DATASET CONTENT:
_ _ _ _ _

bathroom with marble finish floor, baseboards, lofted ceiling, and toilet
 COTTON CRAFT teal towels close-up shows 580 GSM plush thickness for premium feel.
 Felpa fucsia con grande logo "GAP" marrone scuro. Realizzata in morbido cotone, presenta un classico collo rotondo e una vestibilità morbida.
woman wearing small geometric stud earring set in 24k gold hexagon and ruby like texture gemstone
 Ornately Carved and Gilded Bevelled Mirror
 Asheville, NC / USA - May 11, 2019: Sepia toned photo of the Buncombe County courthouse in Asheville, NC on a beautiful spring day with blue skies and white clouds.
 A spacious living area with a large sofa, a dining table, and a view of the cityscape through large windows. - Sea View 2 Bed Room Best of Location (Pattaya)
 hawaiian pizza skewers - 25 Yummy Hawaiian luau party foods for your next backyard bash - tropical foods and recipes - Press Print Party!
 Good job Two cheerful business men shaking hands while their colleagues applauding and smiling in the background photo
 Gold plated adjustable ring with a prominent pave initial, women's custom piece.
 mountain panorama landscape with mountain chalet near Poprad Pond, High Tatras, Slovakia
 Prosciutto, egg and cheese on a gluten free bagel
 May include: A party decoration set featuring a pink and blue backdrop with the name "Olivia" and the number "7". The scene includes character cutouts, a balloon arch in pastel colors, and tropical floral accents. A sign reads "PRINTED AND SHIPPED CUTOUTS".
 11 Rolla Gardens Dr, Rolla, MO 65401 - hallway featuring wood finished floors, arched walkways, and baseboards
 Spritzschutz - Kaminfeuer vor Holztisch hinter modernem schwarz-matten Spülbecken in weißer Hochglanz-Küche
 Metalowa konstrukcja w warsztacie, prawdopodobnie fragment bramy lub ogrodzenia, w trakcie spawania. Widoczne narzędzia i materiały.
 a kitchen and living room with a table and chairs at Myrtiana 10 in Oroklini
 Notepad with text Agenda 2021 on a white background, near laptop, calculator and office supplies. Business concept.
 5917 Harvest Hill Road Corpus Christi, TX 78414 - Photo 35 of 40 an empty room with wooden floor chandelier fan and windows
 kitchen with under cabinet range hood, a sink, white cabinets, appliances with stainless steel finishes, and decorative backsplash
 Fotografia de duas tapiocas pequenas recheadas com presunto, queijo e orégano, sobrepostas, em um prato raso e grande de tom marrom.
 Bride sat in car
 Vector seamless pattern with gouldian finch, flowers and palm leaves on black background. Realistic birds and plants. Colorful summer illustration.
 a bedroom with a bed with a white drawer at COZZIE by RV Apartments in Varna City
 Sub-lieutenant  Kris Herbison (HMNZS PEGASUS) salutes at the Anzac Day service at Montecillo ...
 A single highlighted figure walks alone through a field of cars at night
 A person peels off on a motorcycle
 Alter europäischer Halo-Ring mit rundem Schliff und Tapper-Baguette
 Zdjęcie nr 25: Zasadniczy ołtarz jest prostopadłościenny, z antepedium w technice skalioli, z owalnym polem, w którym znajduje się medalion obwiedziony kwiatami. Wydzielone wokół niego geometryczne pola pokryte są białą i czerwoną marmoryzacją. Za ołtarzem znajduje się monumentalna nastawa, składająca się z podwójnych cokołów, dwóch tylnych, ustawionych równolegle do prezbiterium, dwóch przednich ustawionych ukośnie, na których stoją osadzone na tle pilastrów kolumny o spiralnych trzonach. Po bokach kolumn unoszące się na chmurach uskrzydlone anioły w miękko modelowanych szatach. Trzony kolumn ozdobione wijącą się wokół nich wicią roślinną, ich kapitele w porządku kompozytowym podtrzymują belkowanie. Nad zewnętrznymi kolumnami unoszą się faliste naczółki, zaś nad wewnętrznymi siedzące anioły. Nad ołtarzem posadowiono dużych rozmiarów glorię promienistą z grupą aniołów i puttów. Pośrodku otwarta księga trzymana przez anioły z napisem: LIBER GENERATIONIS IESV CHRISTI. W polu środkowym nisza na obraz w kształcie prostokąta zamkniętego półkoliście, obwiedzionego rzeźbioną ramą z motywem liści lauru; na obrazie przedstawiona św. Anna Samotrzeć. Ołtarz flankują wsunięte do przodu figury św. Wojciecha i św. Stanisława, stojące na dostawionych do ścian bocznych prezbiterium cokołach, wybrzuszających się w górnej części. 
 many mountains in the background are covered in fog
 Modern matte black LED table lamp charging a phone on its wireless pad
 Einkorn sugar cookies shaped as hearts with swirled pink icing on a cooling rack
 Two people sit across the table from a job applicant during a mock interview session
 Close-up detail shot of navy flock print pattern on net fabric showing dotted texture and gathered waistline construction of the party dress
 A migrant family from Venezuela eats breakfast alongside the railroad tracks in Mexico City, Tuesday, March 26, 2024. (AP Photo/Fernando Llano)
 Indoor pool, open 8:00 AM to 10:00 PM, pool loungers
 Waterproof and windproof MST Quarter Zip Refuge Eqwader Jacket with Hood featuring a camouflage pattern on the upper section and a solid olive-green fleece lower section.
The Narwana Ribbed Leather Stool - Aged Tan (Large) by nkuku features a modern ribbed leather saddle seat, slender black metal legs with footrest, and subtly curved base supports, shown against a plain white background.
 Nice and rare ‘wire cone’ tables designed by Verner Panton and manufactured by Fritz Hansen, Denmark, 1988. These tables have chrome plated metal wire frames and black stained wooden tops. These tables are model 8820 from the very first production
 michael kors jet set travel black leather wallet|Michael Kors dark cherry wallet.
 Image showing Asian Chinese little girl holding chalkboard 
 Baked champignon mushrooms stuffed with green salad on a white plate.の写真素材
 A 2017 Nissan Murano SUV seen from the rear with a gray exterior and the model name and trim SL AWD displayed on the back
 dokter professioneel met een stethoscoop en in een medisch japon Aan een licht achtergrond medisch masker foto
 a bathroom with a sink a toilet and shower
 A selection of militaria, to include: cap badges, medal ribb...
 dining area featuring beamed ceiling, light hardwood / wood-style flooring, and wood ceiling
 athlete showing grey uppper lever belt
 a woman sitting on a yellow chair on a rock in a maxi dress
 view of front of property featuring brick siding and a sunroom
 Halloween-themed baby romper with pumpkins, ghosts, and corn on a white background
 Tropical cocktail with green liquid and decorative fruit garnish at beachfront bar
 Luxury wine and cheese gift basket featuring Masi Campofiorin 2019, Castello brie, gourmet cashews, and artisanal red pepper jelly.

_ _ _ _ _

REQUIRED ACTION:
Reproduce exactly the lines of the records above from the one with "A spacious living" to the one with "Prosciutto, egg and", both included, and leave out everything else.

SOLVED PROBLEM:
 A spacious living area with a large sofa, a dining table, and a view of the cityscape through large windows. - Sea View 2 Bed Room Best of Location (Pattaya)
 hawaiian pizza skewers - 25 Yummy Hawaiian luau party foods for your next backyard bash - tropical foods and recipes - Press Print Party!
 Good job Two cheerful business men shaking hands while their colleagues applauding and smiling in the background photo
 Gold plated adjustable ring with a prominent pave initial, women's custom piece.
 mountain panorama landscape with mountain chalet near Poprad Pond, High Tatras, Slovakia
 Prosciutto, egg and cheese on a gluten free bagel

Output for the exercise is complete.